- **ACTIVITY**: From the entries below, print exactly the span beginning with the line holding "Programa de obras" and ending with the line holding "Седан Fiat Tipo 2018 в Львове", endpoints included, and skip any pictures.

- **RECORDED INFORMATION**:
^^^^

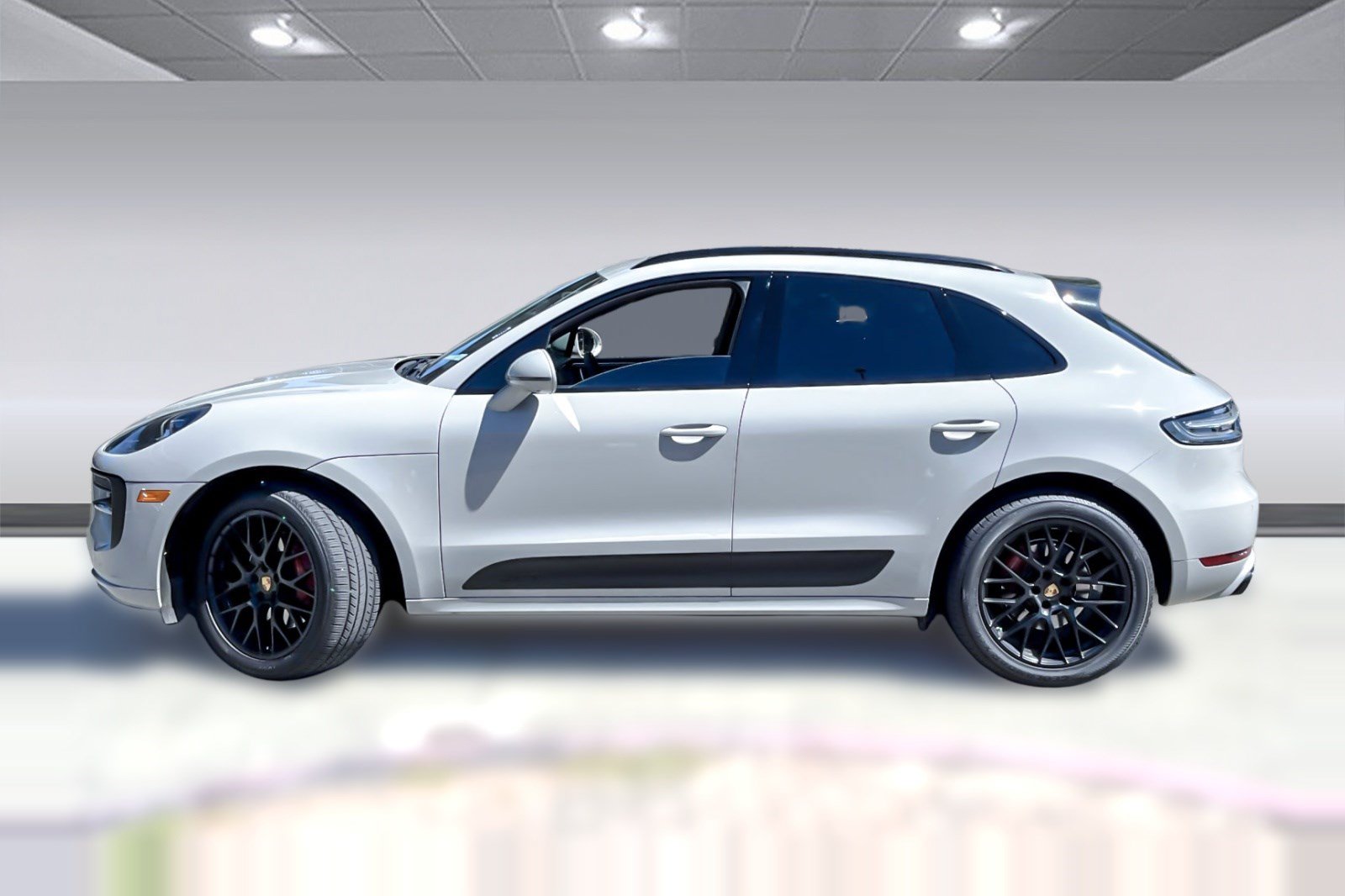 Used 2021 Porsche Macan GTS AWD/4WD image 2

^^^^

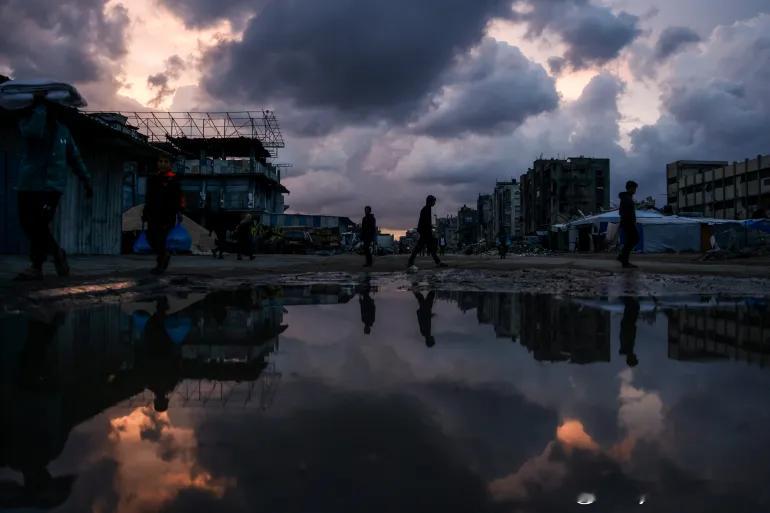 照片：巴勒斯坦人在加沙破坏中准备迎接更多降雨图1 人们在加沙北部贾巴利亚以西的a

^^^^

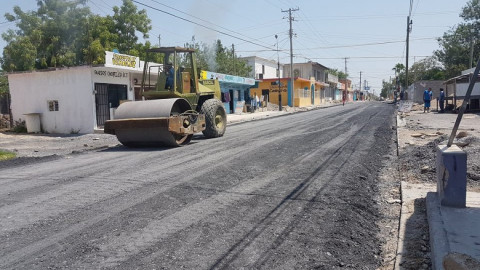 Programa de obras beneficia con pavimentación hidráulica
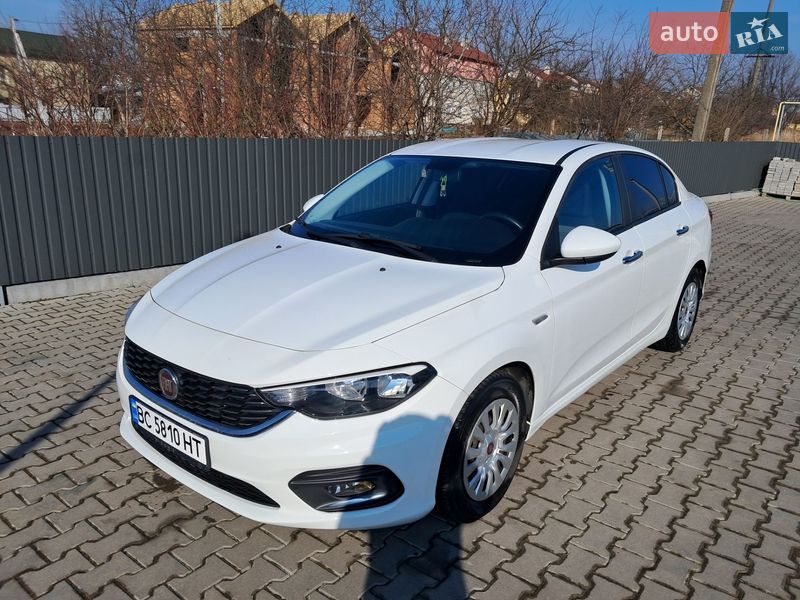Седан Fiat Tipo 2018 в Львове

^^^^

- **EXERCISE RESPONSE**:
 Programa de obras beneficia con pavimentación hidráulica
Седан Fiat Tipo 2018 в Львове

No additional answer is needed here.